Al no existir una opción política que cubra realmente, y no solo de palabra, el espacio de la izquierda (que es, por definición, radical, entendida la radicalidad como la profundización en las raíces de los problemas y en la actuación para solucionarlos) crece la desafección respecto a las instituciones e incluso al ámbito mismo de la política. Y crece también la extrema derecha porque, al estar prácticamente vacío el espacio de la contestación al Sistema desde la izquierda, se le ha regalado a ella, a sus planteamientos y sus recetas monstruosas y descerebradas, el poder actuar sobre quienes están indignados por haber caído en la exclusión social, sentir amenazadas sus condiciones de vida o no poder acceder a unas condiciones dignas, o estar angustiados por la incertidumbre respecto al futuro. En este contexto, parece una broma o una cortina de humo afirmar que en Andalucía el problema de la izquierda ha sido, o es, su “fragmentación”. El principal problema es que, salvo en casos y lugares puntuales, los valores y, sobre todo, la práctica política de izquierda están ausentes de los partidos que así se autodefinen, aunque puedan tener dentro de ellos (cada vez en menor número) militantes que sí tengan esos valores. Frustrada prontamente la experiencia de Podemos, enrocado en su ADN político el PCE-IU y empeñadas ambas formaciones, unidas o no, en legitimar al PSOE para “gobernar” (?) con este, queda prácticamente vacío en Andalucía el espacio político-electoral de una izquierda transformadora, conectada estrechamente con los problemas de este país nuestro para ir al fondo de ellos, y con base en las potencialidades de nuestra cultura.

¿Podría ocupar este espacio Adelante? El principal problema para ello no es que haya conseguido solo dos diputadas (lo que ya ha tenido mérito, dadas las condiciones adversas bajo las que han tenido que realizar la campaña). Aunque tuvieran diez veces más escaños, pocas cosas podría cambiar solo desde el parlamento.

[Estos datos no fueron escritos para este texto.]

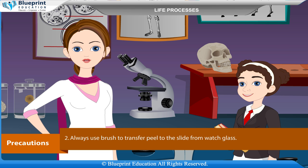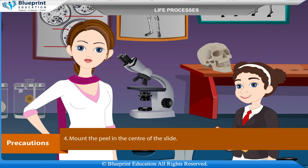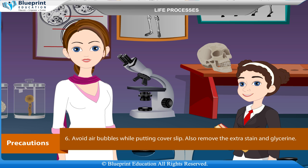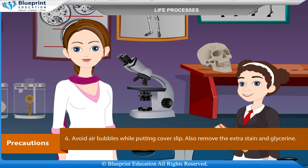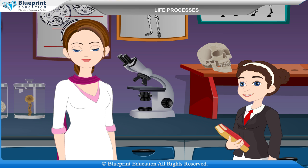Precautions: A freshly plucked leaf should be used. Always use a brush to transfer the peel to the slide from the watch glass. Never fold the peel and do not allow it to dry. Mount the peel in the center of the slide. The peel should not be overstained. Avoid air bubbles while putting the cover slip. Also remove the extra stain and glycerine. Do not breathe over the peel.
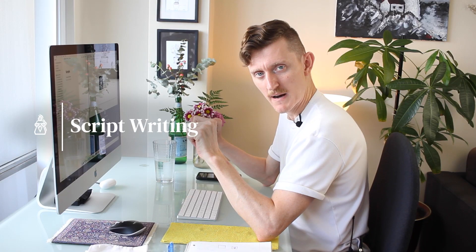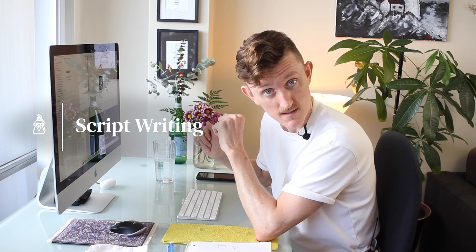And then least inspiring for the very end — some script writing for a few videos I already have in mind. Rough layouts of how I'm going to do them.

La cuestión central es si Adelante será capaz de construirse en sus formas organizativas de manera realmente participativa, de abajo arriba, y desarrollar una acción política en conexión con los movimientos sociales y otros colectivos andalucistas y ecofeministas de nuestra sociedad civil. Con el objetivo de avanzar en la activación de la conciencia de identidad histórica, cultural y política del pueblo andaluz para que este se sepa sujeto y no objeto y actúe en consecuencia para luchar contra su dependencia económica, su alienación cultural (despojándose del síndrome del colonizado) y su subordinación política. Para que pueda actuar POR SÍ. Sin este objetivo en el centro, la eficacia del quehacer parlamentario sería de muy corto alcance, por más que Teresa Rodríguez y Maribel Mora se esforzaran en lo contrario.